Hagen Grote ist ein Onlineshop für Hobby- und Profiköche. Ihr findet dort also einiges, was das Kochherz höher schlagen lässt. Ich durfte mir aus dem umfangreichen Sortiment Artikel aussuchen, die ich für euch testen sollte. Meine Wahl fiel letztendlich auf den Pizzabäcker. Dieses kleine Gerät, in dem man blitzschnell Pizza Zuhause in italienischer Steinofenqualität herstellen kann, hatte direkt mein Interesse geweckt.

„Nur superheiß (über 350 °C) und blitzschnell (maximal 5 Minuten) gebacken, schmeckt Pizza (…) so gut wie aus dem Steinbackofen in Italien. Von außen kross und knusprig, der Belag wunderbar saftig.“

So das Versprechen auf der Homepage. Na, ob das gelingt? Das wollte ich testen! Denn da wir zum nächsten Italiener immer ein paar Kilometer zu fahren haben (das Leben auf dem Land ist schon ziemlich hart), wäre natürlich selbstgemachte Pizza die Alternative.

„Dank kleinem Garraum mit Backstein erreicht der superstarke Pizzabäcker nach nur 10 Minuten Vorheizzeit ideale Pizza-Backtemperaturen bis zu 400 °C. Überschüssige Feuchtigkeit nimmt sein feuerfester Backstein aus dem Teig.“

Und wenige Tage später stand er also in meiner Küche und war bereit, ausprobiert zu werden: Der Pizzabäcker

Ich wählte für den ersten Test eine Pizza, die ich unglaublich gerne esse, die ich aber selten in einer Pizzeria erhalte. Eine Pizza mit Pesto als Tomatensoßenersatz. 

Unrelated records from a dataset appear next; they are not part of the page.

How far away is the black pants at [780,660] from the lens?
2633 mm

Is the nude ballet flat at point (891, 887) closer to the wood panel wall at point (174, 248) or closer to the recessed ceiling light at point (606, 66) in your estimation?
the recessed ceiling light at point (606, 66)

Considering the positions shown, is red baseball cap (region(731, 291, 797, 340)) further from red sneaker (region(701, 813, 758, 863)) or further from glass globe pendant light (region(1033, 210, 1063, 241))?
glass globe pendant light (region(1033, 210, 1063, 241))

Ich finde, wenn man die Soße durch Pesto (egal ob Pesto Rosso oder Pesto Verde) ersetzt, gibt dies der Pizza eine ganz andere, besondere Würze. Als Belag wählte ich (für mich ganz klassisch) Salami, Schinken und Mozzarella.

Pesto, Pizza, Pestopizza

Und nun ging der Test los:

Den Pizzateig rollt ihr so groß aus, dass er etwas kleiner als der Pizzastein ist. Mit den Zutaten belegen und dann mit Hilfe der beigefügten Holzschaber auf den vorgeheizten Pizzastein legen. Timer einstellen und danach eine wunderbare Pizza genießen.

So die Theorie. 

In der Praxis war es nicht ganz so einfach. Das Ergebnis (also die Pizza an sich) war wirklich super! Die Handhabung des Ofens benötigt allerdings etwas Übung.

Pizza, Pestopizza

Daher hier ein paar Tipps:

  • Die Unterseite der Pizza wirklich gut (!) bemehlen, da ihr die Pizza ansonsten nicht mehr vom Holzschaber bekommt. 
  • Die Pizza direkt nach dem Ausrollen auf die Schaber legen und erst dann belegen (ansonsten rutscht euch der Belag runter)
  • Aufpassen, dass das Kontroll-Lämpchen wirklich die ganze Zeit brennt (bei unserem ersten Versuch war es leider nicht so und die Pizza war nicht ganz kross)
  • Nach Ablauf der Zeit, den Griff zum Öffnen am besten mit Hilfe eines Handschuhs oder Küchenhandtuchs öffnen (sehr heiß!)
  • Bitte immer den Ofen im Auge behalten, da das Ding tatsächlich bis zu 400 Grad heiß wird!!

Wenn ihr das alles beachtet, kommt ihr wirklich zu einem sehr, sehr guten Pizzaergebnis und einer tollen Alternative zum Italiener.

Alles Liebe

Katrin

*Dieser Artikel enthält Werbung. Das vorgestellte Produkt wurde mir zum Testen zur Verfügung gestellt.